When you add people to your leadership team, the complexity of your company can increase dramatically, according to Harnish. That is why picking great leaders to fill key positions and providing them with team members with similar abilities will save time and energy. Your leadership will be set up to work with teams who are up to performing the tasks assigned to them.
Harnish also emphasizes paying people what they are worth instead of adhering to an industry pay scale or some other artificial method of compensation. Putting the best people in leadership roles and delegating responsibilities to them means paying them what they deserve – based on the value they provide to the business.
2. Strategy: Stick with what you know
Understand your company’s core values and stay true to them when creating a strategy to scale up your business.
For example, if you’ve had success with one location or franchise unit, you can grow that business by opening additional locations or territories. Since you’ve already invested in learning what it takes to be successful, you can apply those same principles in new growth. And once you open additional locations, it doesn’t require that you personally take on the management responsibilities. If you’ve set up the business efficiently, your management team from the first location can be given more responsibility for the second location.
By staying true to your company’s core values that made it a success in the first place, and by training your leadership team to implement and adhere to those values, multiple locations can be established with the same opportunities for success. Reward managers with generous bonuses and other incentives for meeting performance goals at the new locations, which will help ensure your growth strategies are implemented according to plan.
3. Execution: Keeping your leadership team on track
Every member of your leadership team who is involved in executing the strategy to scale up your company must have a quantitatively defined goal.

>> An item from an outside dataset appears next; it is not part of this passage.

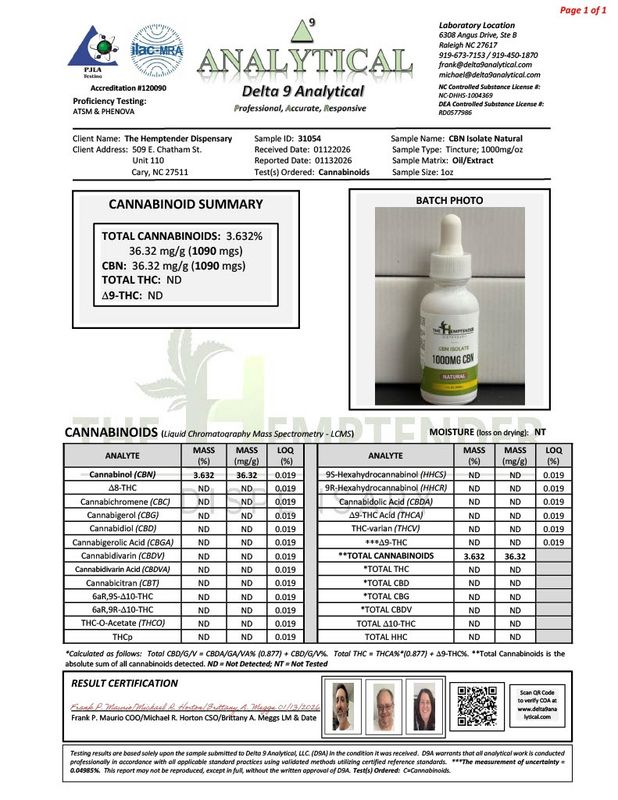 The Hemptender 1000mg  CBN Tincture  Natural Flavor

Quantifying your company’s objectives provides you with a means of measuring performance, and it makes your entire team accountable for performance. Harnish stresses that it’s impossible to determine if you’re on the right track unless there is some way to measure your results.
Next, these measurable goals must be clearly communicated to the teams responsible to meeting them. Scale Up emphasizes the importance of giving your team members a standard they must achieve, and a sense of accountability that can be instilled and maintained by your managers.
4. Cash: Success may depend upon how quickly your money returns to you
The final core principle in Scale Up deals with something Harnish refers to as the “cash acceleration strategies.” Making improvements in your operations to shorten the time between when you dispense money until the cash returns to you after delivery of the product and payment by the customer is critical.
The “cash conversion cycle” or CCC is an invaluable metric to calculate as part of this process. Since you don’t make money waiting to get paid, streamlining the process by which goods or services are created and delivered to the customer will help improve your cash flow more quickly.